[INSTRUCTIONS TO FOLLOW] Since pictures are not wanted, repeat only the text of the records, word for word.

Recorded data
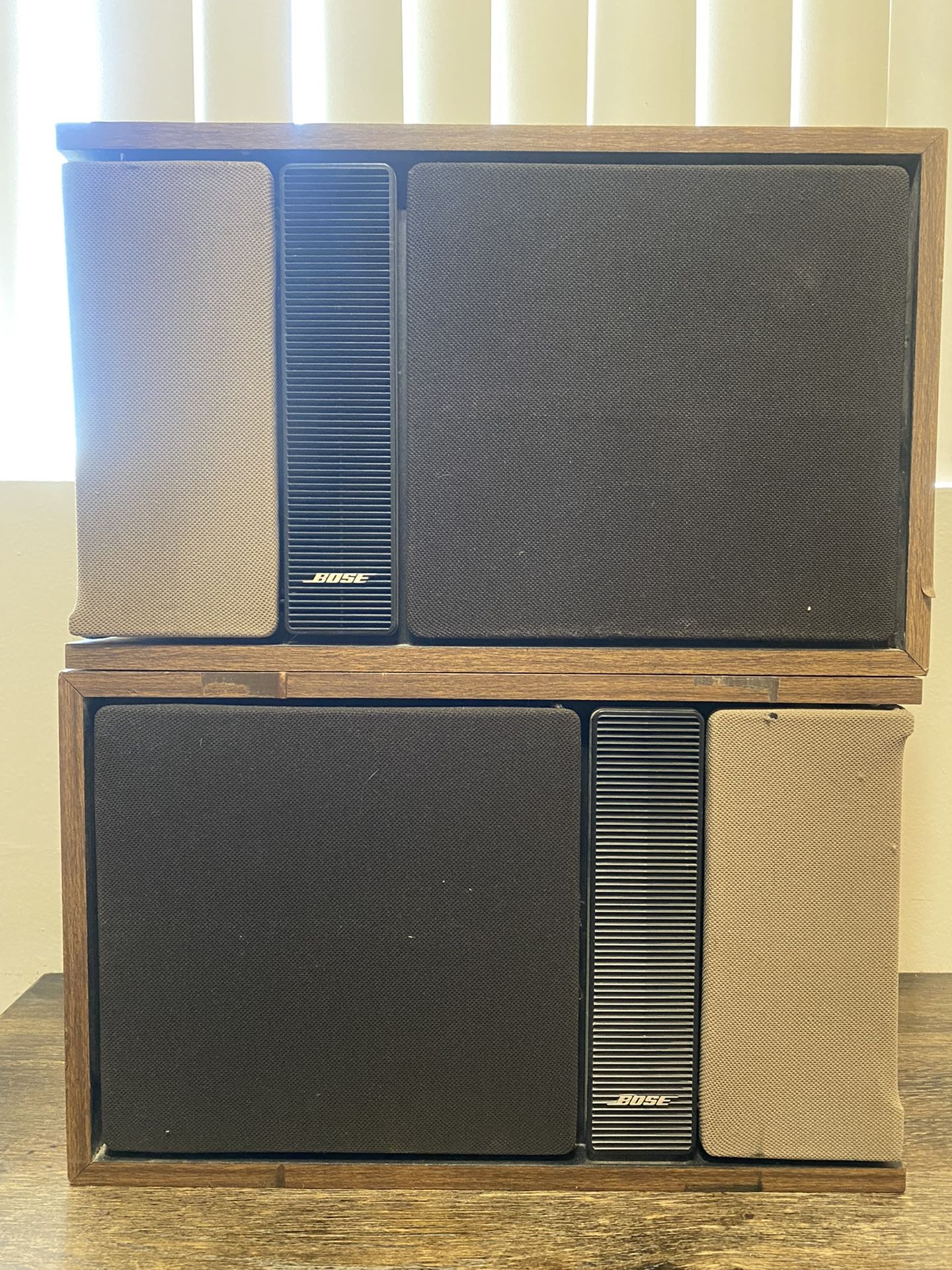 Vintage BOSE 301 Series II Direct Reflecting Speakers L/R Pair Made in USA Left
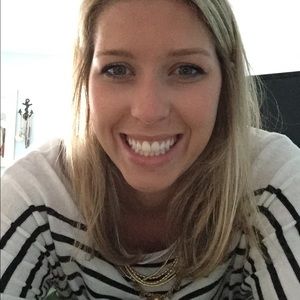 Meet your Posher, Laurie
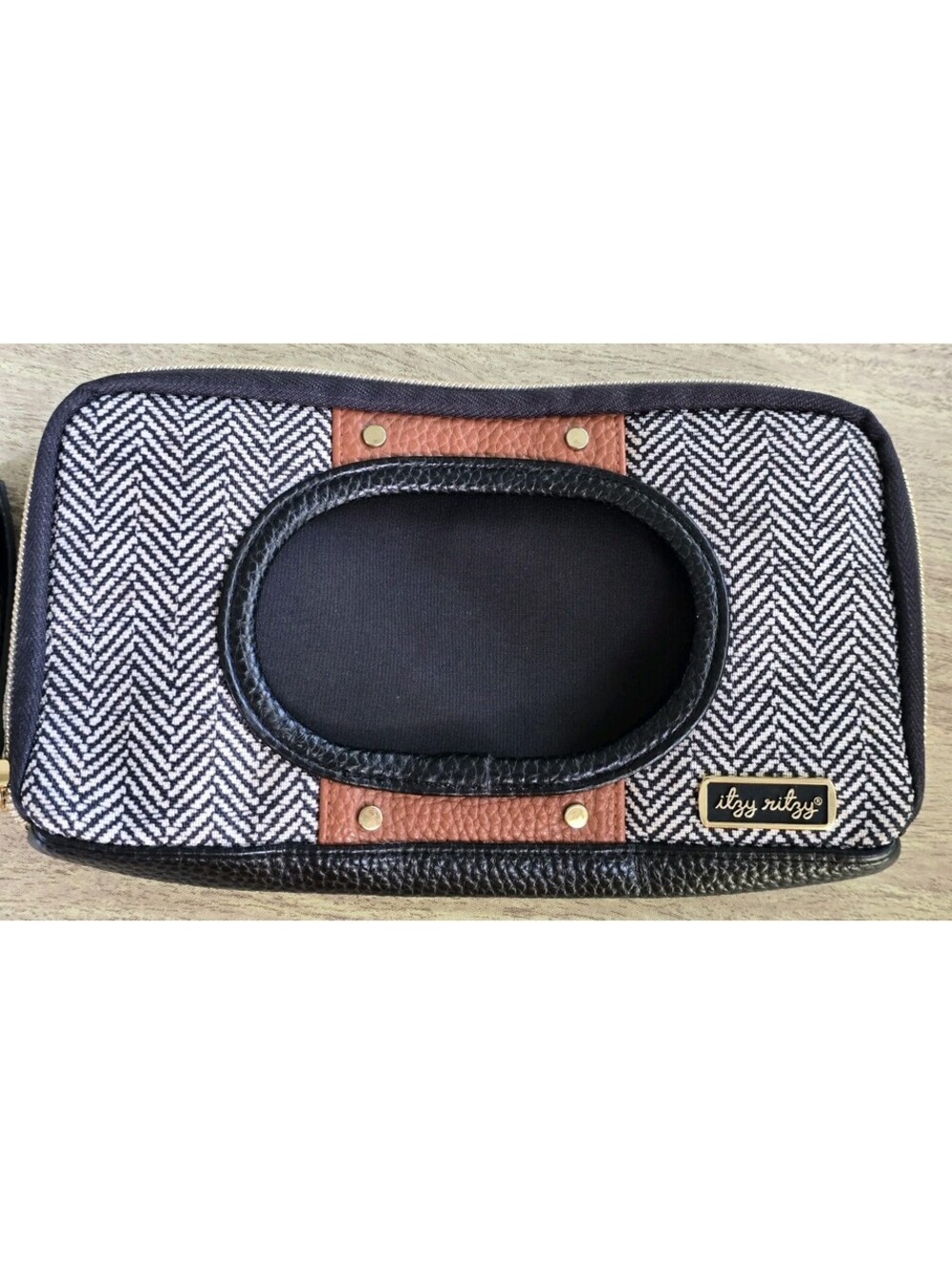 Itzy Ritzy Travel Baby Wipes Case Clip-On, Herringbone Black & Coffee, 5"x9"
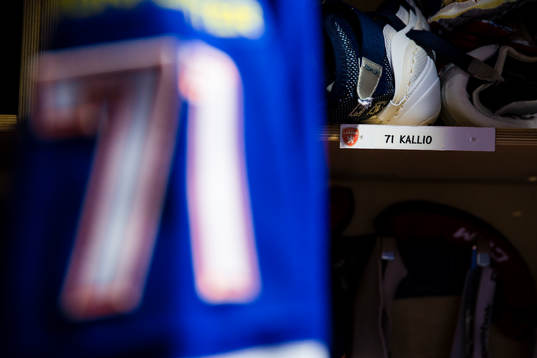 Växjös Tomi Kallios matchtröja i omklädningsrummet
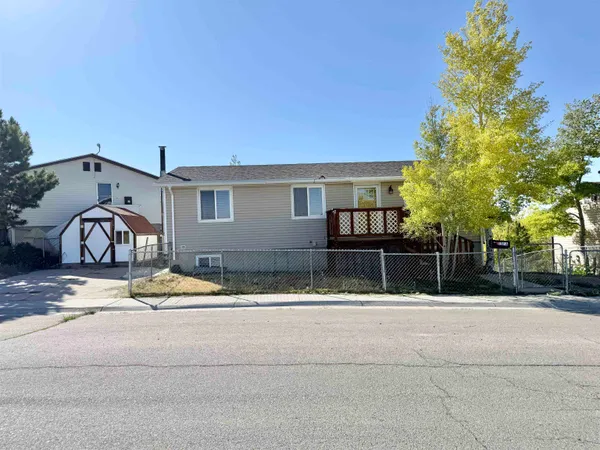 $279,500 | 1601 Canyon Road, Kemmerer, WY 83101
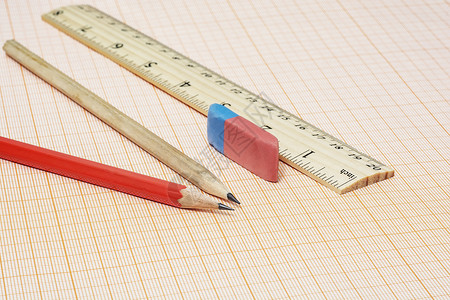 有两支简单的铅笔上面有橡皮和标尺图片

[WRITTEN RESPONSE]
 Vintage BOSE 301 Series II Direct Reflecting Speakers L/R Pair Made in USA Left
 Meet your Posher, Laurie
 Itzy Ritzy Travel Baby Wipes Case Clip-On, Herringbone Black & Coffee, 5"x9"
 Växjös Tomi Kallios matchtröja i omklädningsrummet
 $279,500 | 1601 Canyon Road, Kemmerer, WY 83101
 有两支简单的铅笔上面有橡皮和标尺图片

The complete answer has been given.